:: THE RECORDS ::
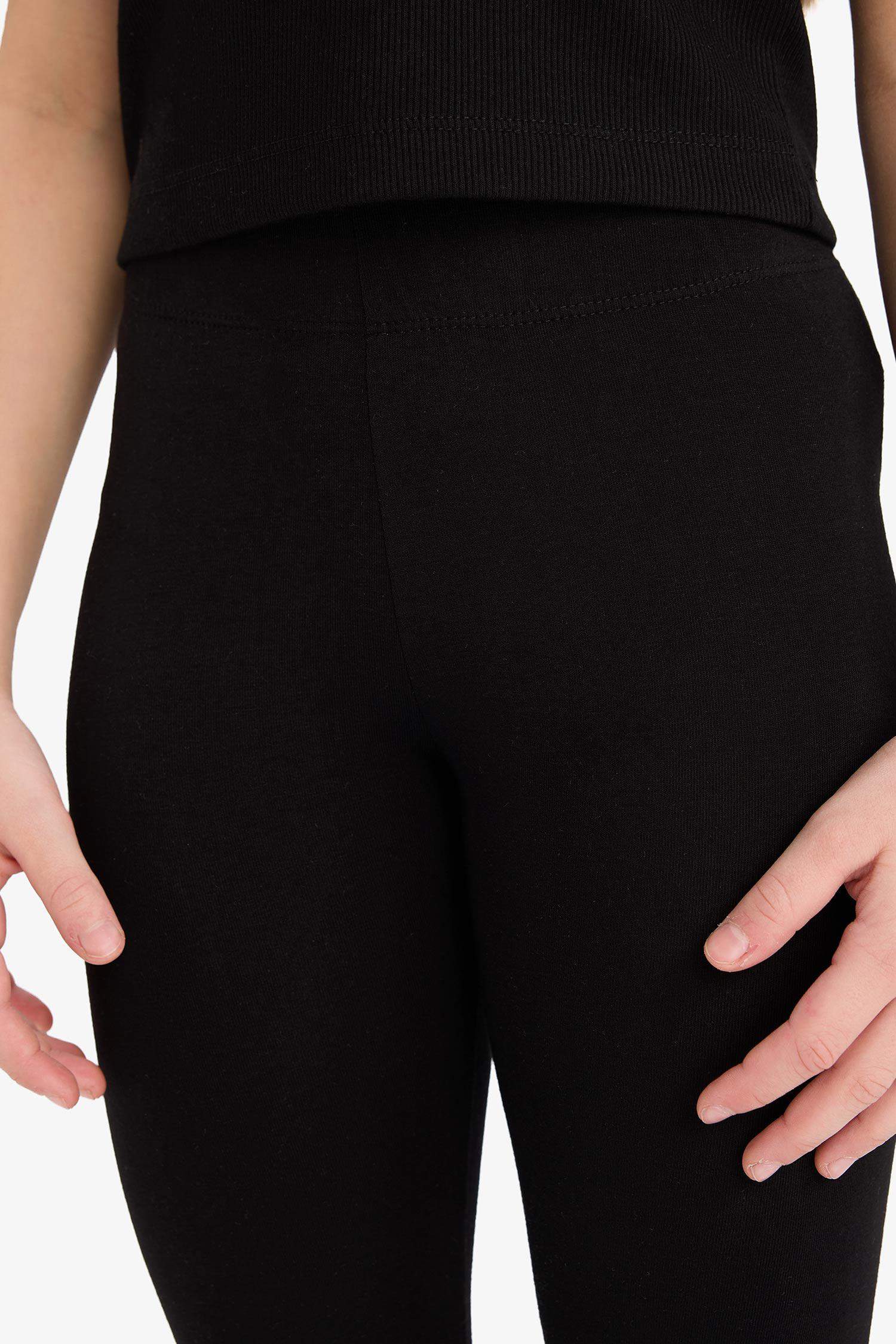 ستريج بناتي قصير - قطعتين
--
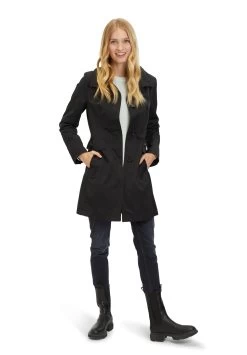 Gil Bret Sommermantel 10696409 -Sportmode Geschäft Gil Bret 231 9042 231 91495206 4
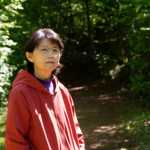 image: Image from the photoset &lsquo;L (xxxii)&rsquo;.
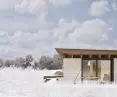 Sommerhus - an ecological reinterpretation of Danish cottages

:: WORK TASK ::
Only the lines starting at the one with "image: Image from" and ending at the one with "Sommerhus - an" should be printed, each exactly as it appears in the material above; the pictures are to be omitted.

:: WRITTEN RESPONSE ::
 image: Image from the photoset &lsquo;L (xxxii)&rsquo;.
 Sommerhus - an ecological reinterpretation of Danish cottages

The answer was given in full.